● **Problem details**:
Return only the lines of the listing below that run from the line with "Cotton Plaid Shirt" through the line with "Brown suede ankle", both ends included, exactly as written.

● **Records for this exercise**:
- - -

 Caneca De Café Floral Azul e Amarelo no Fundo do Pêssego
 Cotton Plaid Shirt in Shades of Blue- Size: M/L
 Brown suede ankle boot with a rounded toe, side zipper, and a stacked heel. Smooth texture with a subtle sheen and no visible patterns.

- - -

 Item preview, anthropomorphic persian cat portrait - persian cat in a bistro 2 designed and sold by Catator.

- - -

● **Answer**:
 Cotton Plaid Shirt in Shades of Blue- Size: M/L
 Brown suede ankle boot with a rounded toe, side zipper, and a stacked heel. Smooth texture with a subtle sheen and no visible patterns.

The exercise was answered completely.